Board under ‘no external pressure’ over Corrib gas

AN BORD Pleanála was not subjected to any external pressure in relation to the €900 million Corrib Gas project, the head of the authority said yesterday.

Meanwhile, major questions have been raised by the analysis conducted for the Centre for Public Inquiry (CPI) which claims the proposed route of the Corrib gas pipeline is not acceptable on safety grounds because it runs too close to people’s houses.

Claims the pipeline cannot rupture from internal corrosion “need to be seriously challenged and investigated”, according to CPI.

An Bord Pleanála chairman, John O’Connor, said: “The board was not subjected to any external pressure in relation to the Corrib Gas project.”

He was concerned the public might infer from the CPI’s report that the board “might have been less than fully independent in its treatment of appeals relating to this development”.
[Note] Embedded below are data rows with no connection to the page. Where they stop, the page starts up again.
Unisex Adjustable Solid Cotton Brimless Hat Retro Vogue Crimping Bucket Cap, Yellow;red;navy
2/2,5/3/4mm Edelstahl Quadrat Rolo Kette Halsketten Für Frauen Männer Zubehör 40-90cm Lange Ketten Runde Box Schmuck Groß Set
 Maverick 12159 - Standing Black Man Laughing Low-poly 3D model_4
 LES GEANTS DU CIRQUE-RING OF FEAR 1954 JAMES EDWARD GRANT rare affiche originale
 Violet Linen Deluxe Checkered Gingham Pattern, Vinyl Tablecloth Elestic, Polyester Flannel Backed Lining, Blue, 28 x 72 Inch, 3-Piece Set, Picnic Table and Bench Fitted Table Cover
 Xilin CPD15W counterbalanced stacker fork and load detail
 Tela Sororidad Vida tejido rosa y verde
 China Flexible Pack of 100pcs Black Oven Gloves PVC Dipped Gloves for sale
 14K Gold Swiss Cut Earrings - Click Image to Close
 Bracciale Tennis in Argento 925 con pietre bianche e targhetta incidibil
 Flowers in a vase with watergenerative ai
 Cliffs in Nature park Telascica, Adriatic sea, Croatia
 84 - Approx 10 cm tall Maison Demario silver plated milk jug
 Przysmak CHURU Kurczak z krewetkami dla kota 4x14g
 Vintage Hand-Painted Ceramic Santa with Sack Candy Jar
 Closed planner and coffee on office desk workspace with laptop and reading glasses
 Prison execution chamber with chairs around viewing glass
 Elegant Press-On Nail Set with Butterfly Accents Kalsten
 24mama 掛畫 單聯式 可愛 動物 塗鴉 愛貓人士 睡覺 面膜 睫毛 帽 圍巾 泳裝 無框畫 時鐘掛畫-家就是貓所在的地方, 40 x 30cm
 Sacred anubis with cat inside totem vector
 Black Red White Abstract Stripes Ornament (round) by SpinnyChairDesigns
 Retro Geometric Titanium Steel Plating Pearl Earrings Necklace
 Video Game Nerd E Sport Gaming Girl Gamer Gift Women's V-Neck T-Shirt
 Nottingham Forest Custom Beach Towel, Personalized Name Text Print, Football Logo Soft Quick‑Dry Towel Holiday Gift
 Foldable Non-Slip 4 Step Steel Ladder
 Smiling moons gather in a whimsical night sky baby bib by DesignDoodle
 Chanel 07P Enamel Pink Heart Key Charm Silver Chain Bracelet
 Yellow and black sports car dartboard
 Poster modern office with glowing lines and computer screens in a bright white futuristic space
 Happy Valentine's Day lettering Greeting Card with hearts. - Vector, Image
In April 2003, he reiterated, the board refused permission for a gas terminal and other works at Bellanaboy Bridge, Co Mayo on the basis the integrity of the peat repositories could constitute an unacceptable risk to health and safety and potential water pollution.

“In doing so, the board had regard to an inspector’s report and recommendation to refuse permission,” Mr O’Connor said.

In October 2004, the board granted permission for a new application for a gas terminal at Bellanaboy Bridge. In doing so it again had regard to an inspector’s report and recommendation to grant permission.

In June 2003 the Irish Offshore Operators’ Association (IOOA) requested, by letter, a meeting with the board. The board, by letter dated July 2003, informed the IOOA that a meeting would be arranged for that September. The meeting was recorded in the board’s annual report for 2003.

Mr O’Connor said: “As is evident from the foregoing, it is entirely wrong to make any connection between the Taoiseach’s meeting with Shell representatives on September 19, 2003 and the board’s meeting with the IOOA which was arranged the preceding July. It is also wrong to infer the board’s meeting with the IOOA entailed special treatment for this application.”

Meanwhile, Andy Pyle, Managing Director Shell E&P Ireland (SEPIIL) said: “The suggestion contained in the CPI’s report that SEPIL’s planning application for the gas processing terminal in Ballanaboy was in some way fast-tracked by An Bord Pleanála is simply not credible. The planning process for the proposed gas terminal took in total four years from initial application to final consent. It has been through the most exhaustive and lengthy public consultation and regulatory process and the final project design was fully endorsed by the relevant authorities.”

SEPIL “has at all times conducted its relationships with all statutory and regulatory authorities in an appropriate and ethical manner. SEPIL strongly denies the allegation it was granted unusual access to government bodies,” he said.